Los ataques suicidas y los artefactos explosivos improvisados causaron un gran número de muertos y heridos

GINEBRA / KABUL (15 de febrero de 2018) - Más de 10.000 civiles perdieron la vida o resultaron heridos durante 2017, según el último informe de las Naciones Unidas que documenta la repercusión del conflicto armado sobre la población de Afganistán.

Se ha documentado un total de 10.453 bajas civiles, 3.438 muertos y 7.015 heridos, en el informe anual de 2017 publicado hoy por la Misión de Asistencia de las Naciones Unidas en el Afganistán (UNAMA) y la Oficina del ACNUDH. Aunque esta cifra representa una disminución del 9 por ciento comparada con 2016, el informe resalta el gran número de bajas causadas por atentados suicidas con bombas y otros ataques realizados con artefactos explosivos improvisados (IED, por sus siglas en inglés).

“Las estadísticas escalofriantes de este informe proporcionan datos fiables sobre la repercusión de la guerra, pero los números por sí solos no alcanzan a plasmar el terrible sufrimiento humano infligido a la gente común, especialmente a mujeres y niños”, declaró el Sr. Tadamichi Yamamoto, Representante Especial del Secretario General para el Afganistán.
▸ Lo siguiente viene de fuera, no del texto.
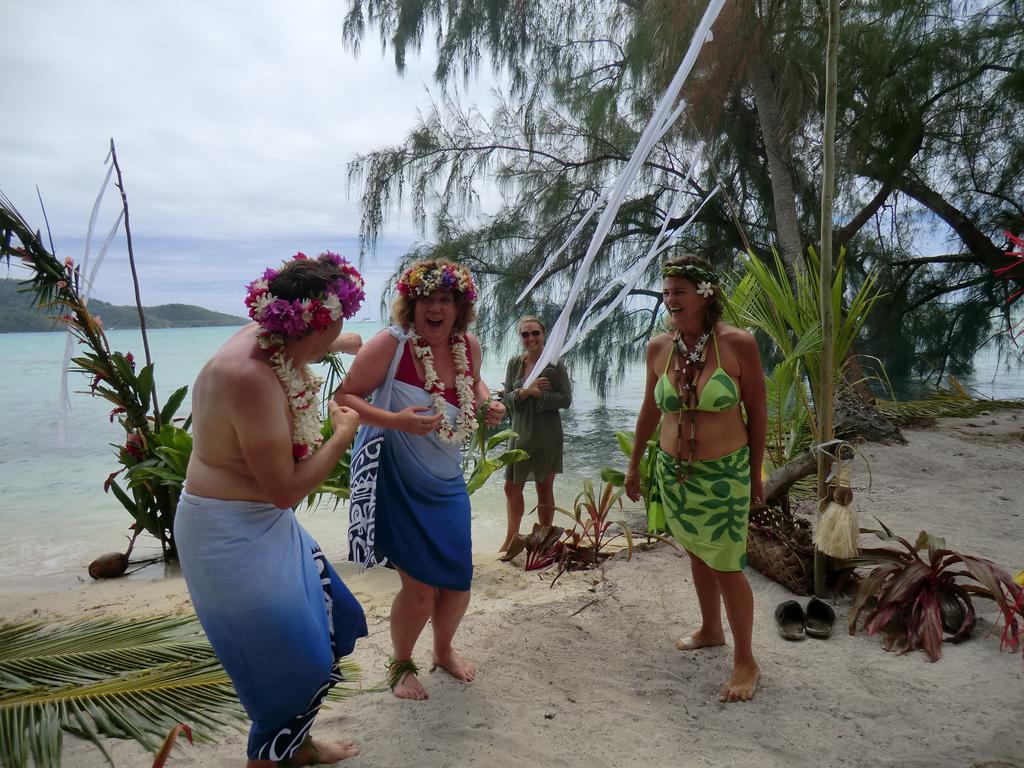 Pension Hibiscus Tahaa Uturoa Bagian luar foto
El Sr. Yamamoto, que también coordina la UNAMA, expresó una profunda preocupación por el aumento de los daños que los ataques suicidas causan entre los civiles. “Me siento especialmente consternado por el uso ilícito, continuo e indiscriminado de IED, tales como los ataques suicidas con bombas y las minas de presión, en las zonas donde reside la población civil. Son hechos lamentables”, añadió.
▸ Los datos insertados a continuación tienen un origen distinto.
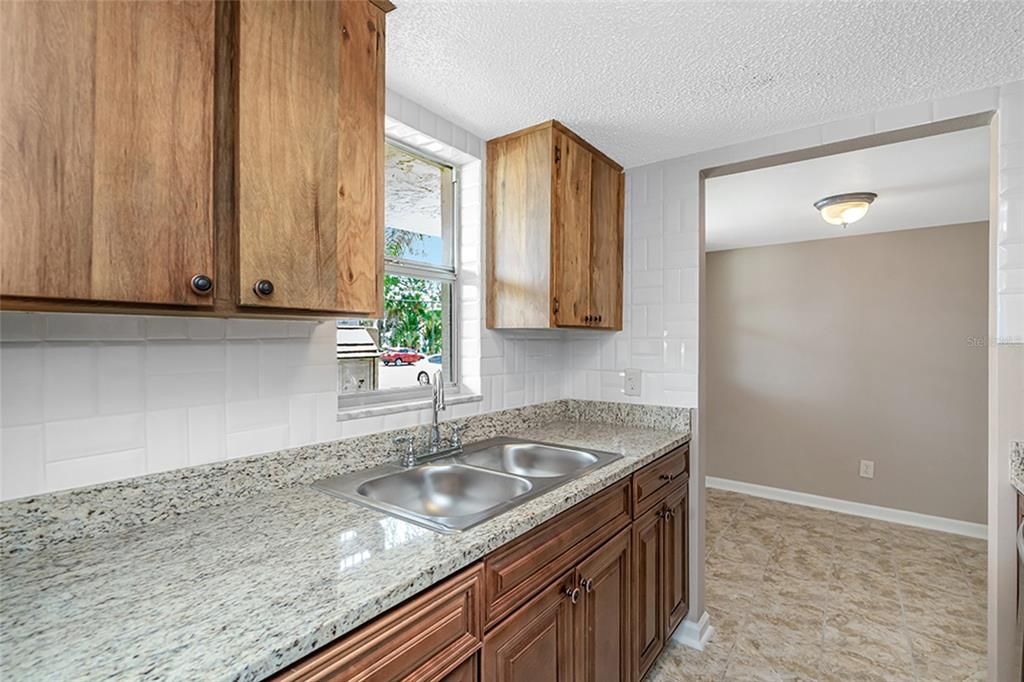 For Sale: $100,000 (2 beds, 1 baths, 720 Square Feet)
La segunda causa principal de bajas civiles en 2017 fueron los choques terrestres entre elementos opositores y fuerzas pro gubernamentales, aunque hubo una disminución del 19 por ciento con respecto al volumen sin precedentes registrado en 2016.
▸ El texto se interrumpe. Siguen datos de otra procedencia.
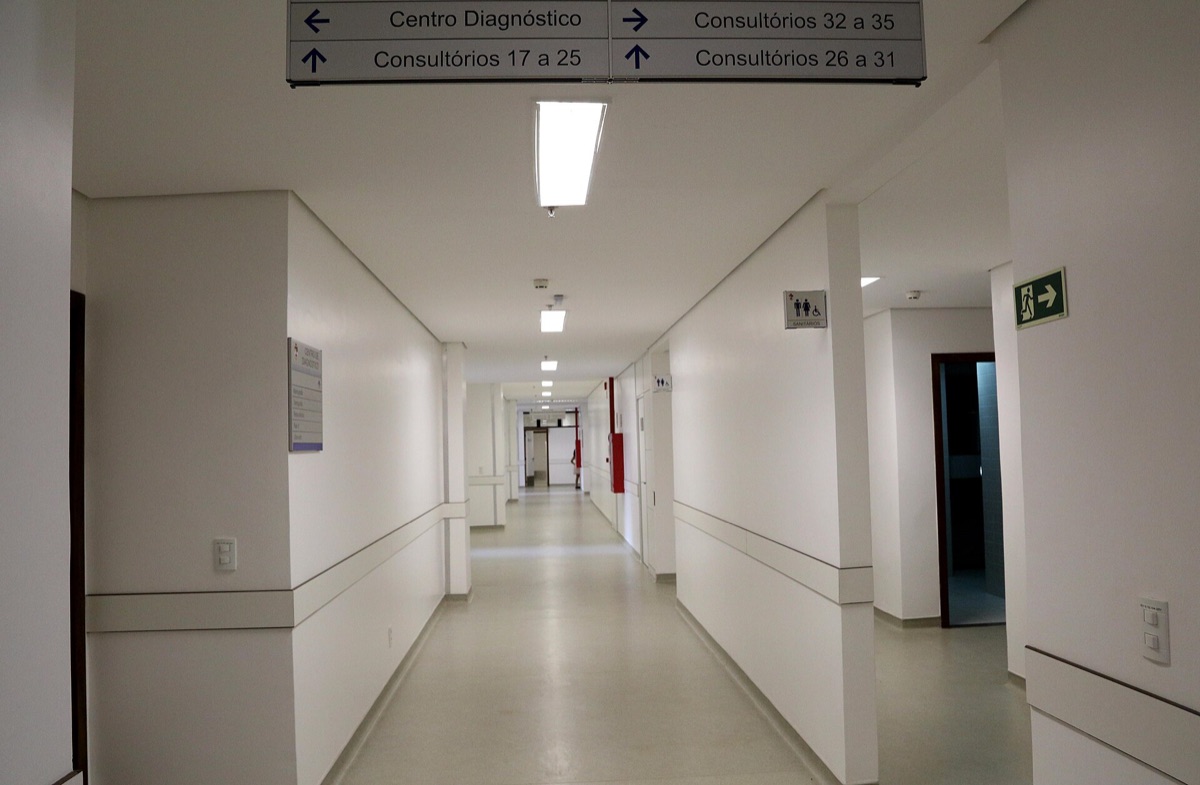 Centro médico militar con equipos de emergencia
En el informe se atribuyen dos tercios de todas las bajas (el 65 por ciento) a la acción de fuerzas opositoras; el 42 por ciento a los talibán; el 10 por ciento al Daesh/Estado Islámico de la Provincia de Khorasan (ISIL-KP, por sus siglas en inglés) y el 13 por ciento a otros elementos indeterminados o antigubernamentales.

Las fuerzas progubernamentales causaron una quinta parte de las bajas civiles: el 16 por ciento se atribuyó a las fuerzas de seguridad afganas; el 2 por ciento, a las tropas internacionales y el 1 por ciento, a cada grupo armado aliado del gobierno. El 11 por ciento de las víctimas se debió al fuego cruzado en enfrentamientos terrestres entre las fuerzas opositoras y los aliados del gobierno. 

Las mujeres y los niños siguen considerablemente afectados por la violencia del conflicto. En 2017 la UNAMA documentó la muerte de 357 mujeres, lo que supone un incremento del 5 por ciento en relación con el año anterior, y hubo 865 heridas. El número de bajas registrado entre los niños, 861 muertos y 2.318 heridos, se redujo un 10 por ciento en comparación con 2016.

Los ataques en los que las milicias antigubernamentales atentaron deliberadamente contra la población civil causaron el 27 por ciento del total de bajas civiles registradas en el país en 2017 y fueron, en su mayoría, atentados suicidas y ataques combinados dirigidos contra personas o propiedades.

El más grave de los sucesos mortales documentados desde que la UNAMA empezó a registrar las bajas civiles en 2009 tuvo lugar en Kabul el 31 de mayo, cuando un suicida detonó un camión cargado con unos 2.000 kilos de explosivos de uso militar durante la hora de máxima afluencia en una zona densamente poblada. La explosión causó 92 muertos y 491 heridos.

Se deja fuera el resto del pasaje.